#### Provided records
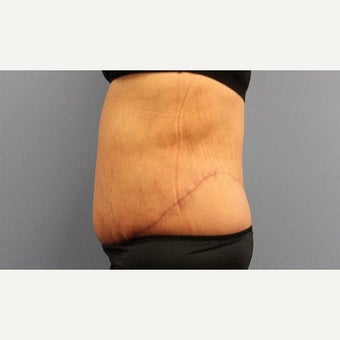55-64 year old woman treated with Body Lift after 2010042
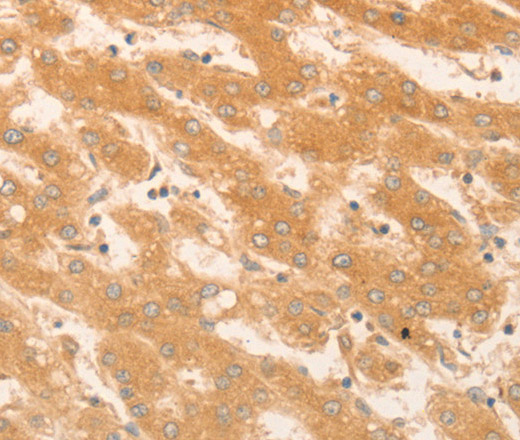 Immunohistochemistry of paraffin-embedded Human liver cancer using NAP1L1 Polyclonal Antibody at dilution of 1:50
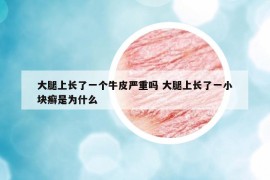 大腿上長了一個牛皮嚴重嗎 大腿上長了一小塊癬是為什么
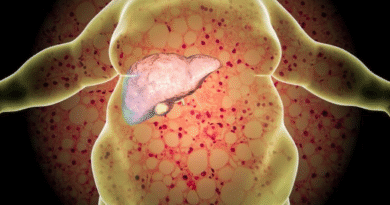 Depozitarea și mobilizarea lipidelor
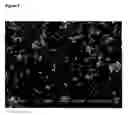 Fig. 04 - Polyporous material having nanoparticle and their preparation thereof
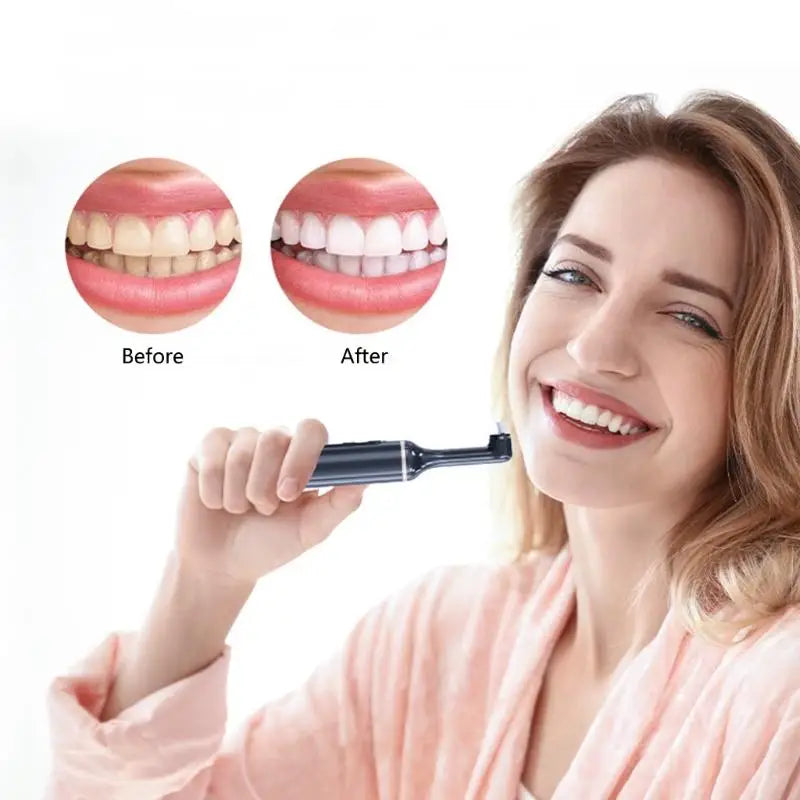 AuraSmile™ | Professional Electric Tooth Polisher & Whitening Set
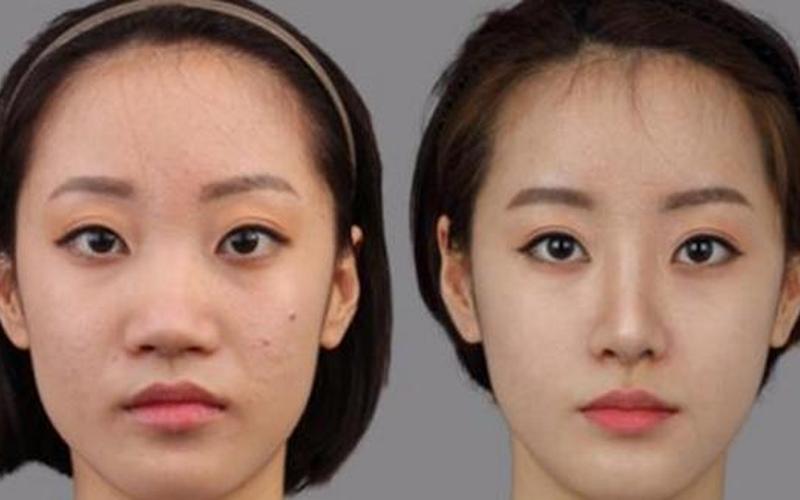 蒜头鼻整形前后对比-第1张图片-波音达百科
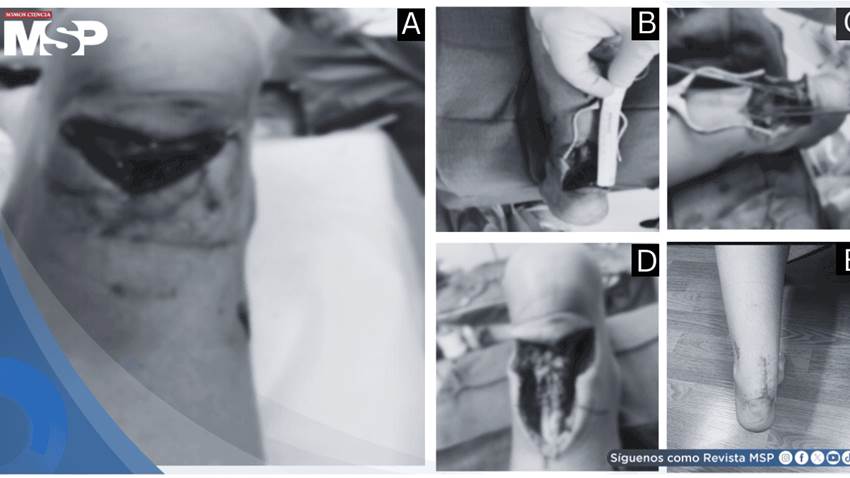 Rotura traumática distal del tendón de Aquiles en paciente de 10 años y reparación quirúrgica Krackow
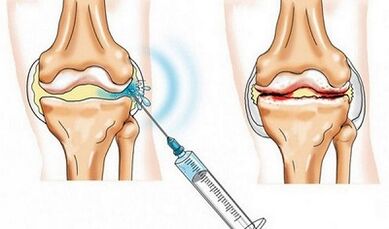 Kabe na gwiwa hadin gwiwa ga Arthrosis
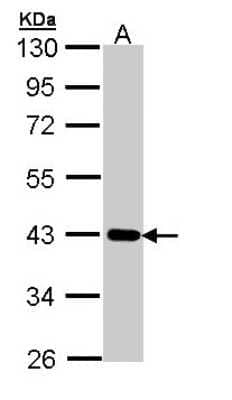 Western Blot: CRTAP Antibody [NBP1-32884] - Sample (30 ug of whole cell lysate) A: A431 10% SDS PAGE; antibody diluted at 1:1000.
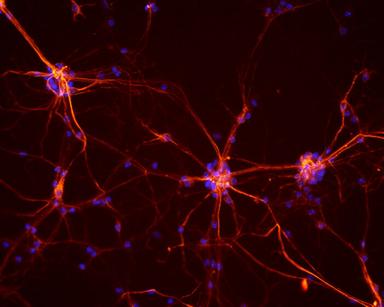 Cos'è l'optogenetica, tecnica che in 20 anni ha fatto il giro del mondo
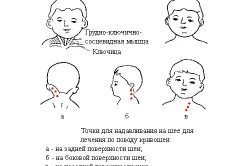 Тортиколис при деца и бебета на симптомите и лечението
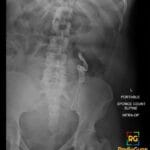 Intraoperative radiograph of the abdomen and pelvis showing a serpentine-shaped retained surgical sponge with radiopaque marker.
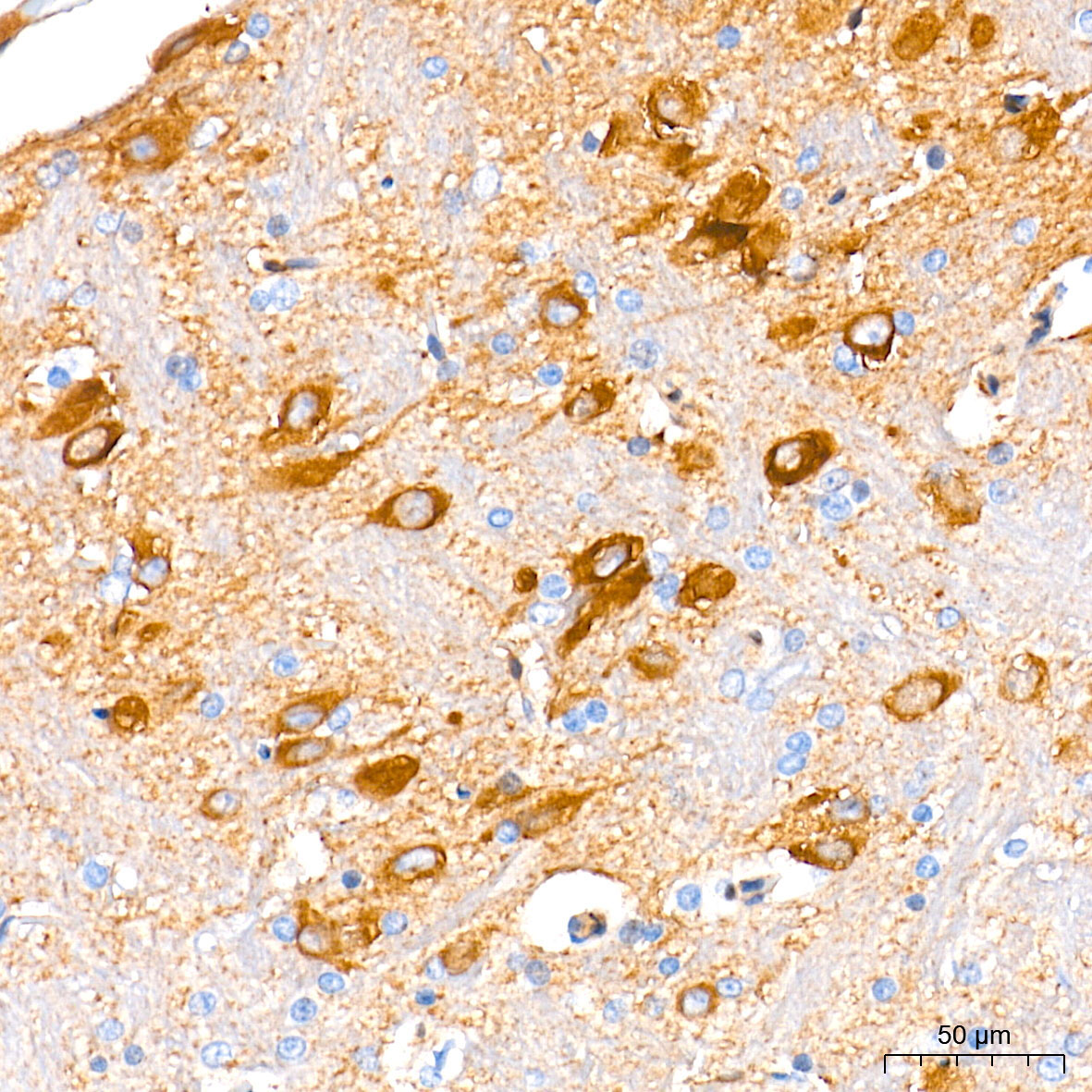 Guanylyl Cyclase beta 1 (GUCY1B3) Rabbit Monoclonal Antibody - Image 3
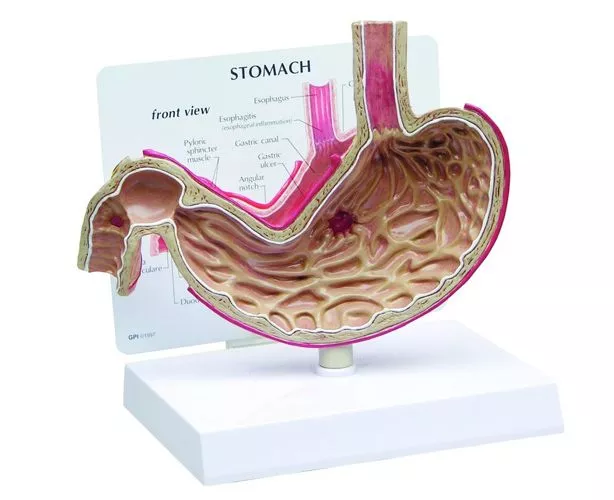 Stomach with Ulcers Model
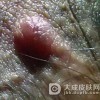 为什么一期梅毒不容易发现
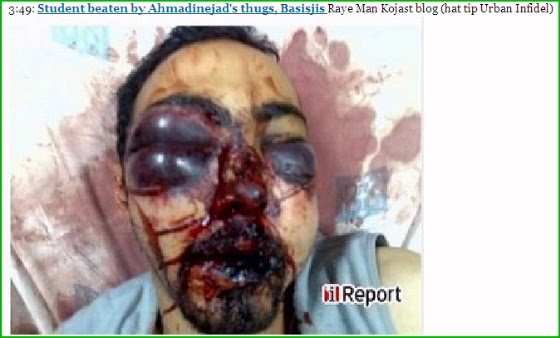 [IranianStudentBeaten560.jpg]
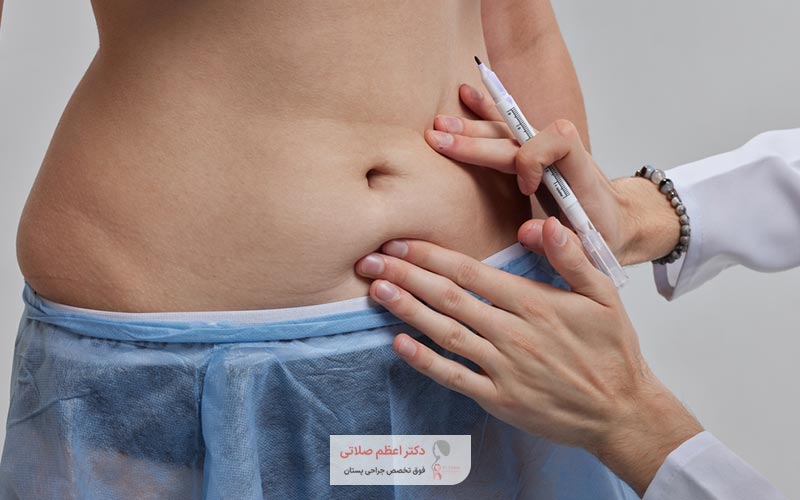 هرینه های جانبی عمل زیبایی شکم و ابدو چیست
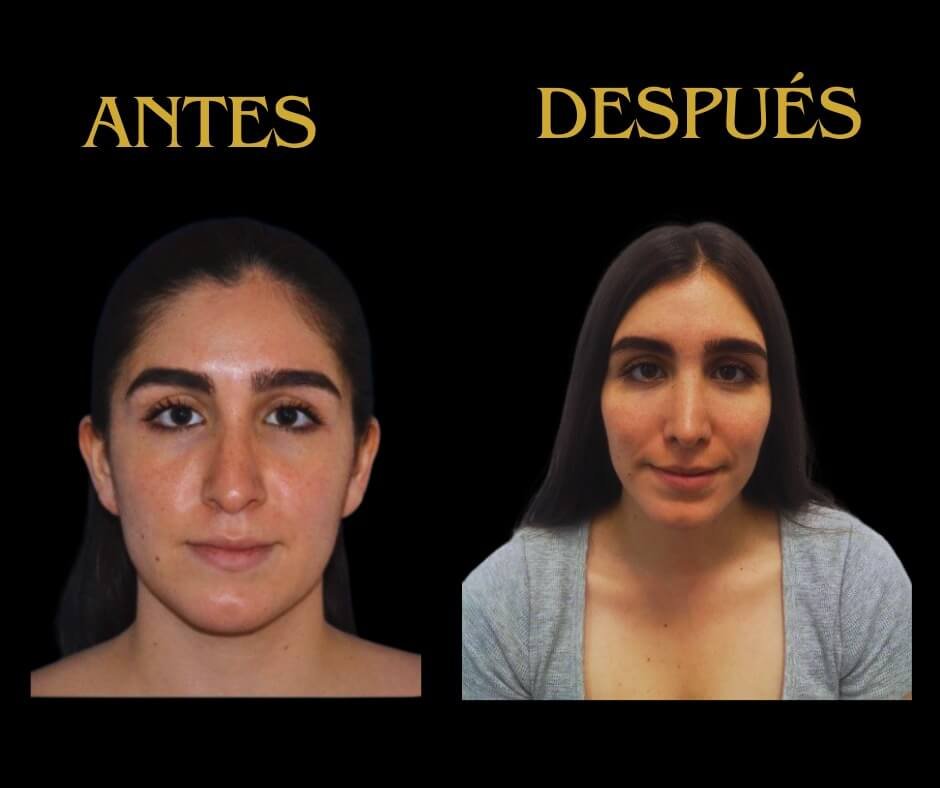 Mujer joven rinoplastia de frente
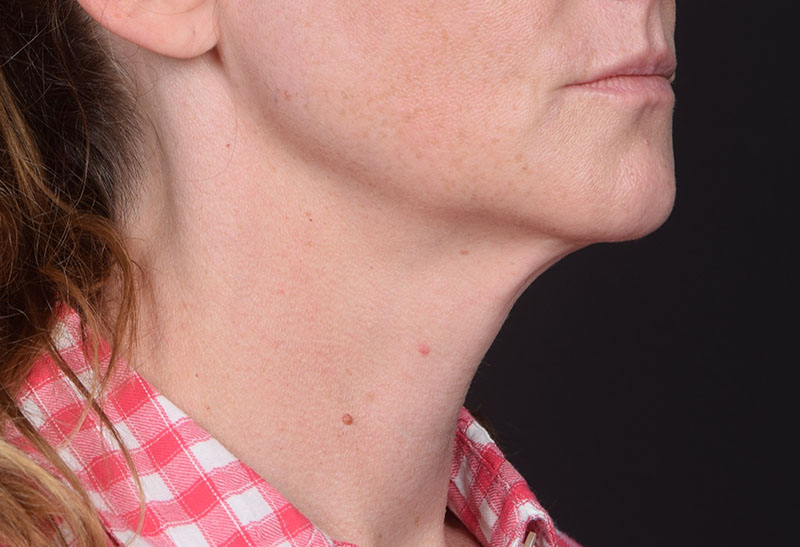 Neck Lift Before & After Image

#### Task item
A word-for-word copy of the lines from the one with "Mujer joven rinoplastia de frente" through the last line of the data above is required, with both end lines included and no pictures.

#### Answer to this exercise
 Mujer joven rinoplastia de frente
 Neck Lift Before & After Image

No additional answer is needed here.